0-complexity / openvcloud

OpenvCloud
Other
2 stars 4 forks source link

Apply locks during virtual firewall operations #1784

Closed alichaddad closed 6 years ago

alichaddad commented 6 years ago

Detailed description

It is possible that two different processes will try to start a virtual firewall which might cause both of them to fail. This was obseerved during this test case https://github.com/0-complexity/openvcloud/blob/master/tests/ovc_master_hosted/OVC/c_advanced/maintenance_tests.py#L293. In that test case it puts a node in maintenance mode and then tries to start a virtual firewall that was on that node, this might cause the described scenario where both of these actions try to start a virtual firewall.

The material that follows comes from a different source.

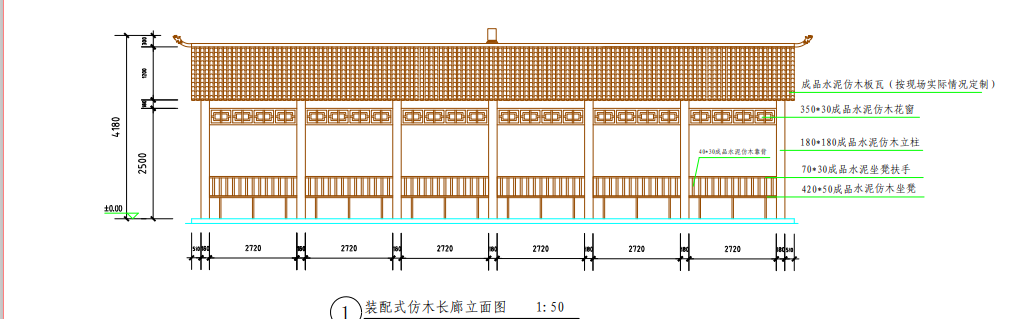 大概多少钱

Locks should be introduced to prevent this behavior when starting or stopping a virtual firewall.

Relevant stacktraces

This is an example of what might happen:


Traceback (most recent call last):
~   File "/opt/jumpscale7/lib/JumpScale/grid/jumpscripts/JumpscriptFactory.py", line 176, in executeInProcess
    return True, self.module.action(*args, **kwargs)
~   File "/tmp/jumpscripts/jumpscale_vfs_create_routeros.py", line 138, in action
    % (networkid, networkidHex, e)
~ RuntimeError: Could not create VFW vm from template, network id:424:01a8
Could not execute job, error:
Traceback (most recent call last):
~   File "/opt/jumpscale7/lib/JumpScale/grid/jumpscripts/JumpscriptFactory.py", line 176, in executeInProcess
    return True, self.module.action(*args, **kwargs)
~   File "/tmp/jumpscripts/unknown_createVM.py", line 18, in action
    return createVM(xml)
~   File "/tmp/jumpscripts/unknown_createVM.py", line 13, in createVM
    dom.create()
~   File "/usr/lib/python2.7/dist-packages/libvirt.py", line 1035, in create
    if ret == -1: raise libvirtError ('virDomainCreate() failed', dom=self)
~ libvirtError: Cannot access storage file '/var/lib/libvirt/images/routeros/01a8/routeros.qcow2' (as uid:113, gid:116): No such file or directory

type/level: OPERATIONS/1
Could not execute jscript:1000003 unknown_createVM on agent:107_9
Error: Exec error procmgr jumpscr:unknown_createVM on node:107_9 <class 'libvirt.libvirtError'>: Cannot access storage file '/var/lib/libvirt/images/routeros/01a8/routeros.qcow2' (as uid:113, gid:116): No such file or directory
FastGeert commented 6 years ago

Will be solved by #1817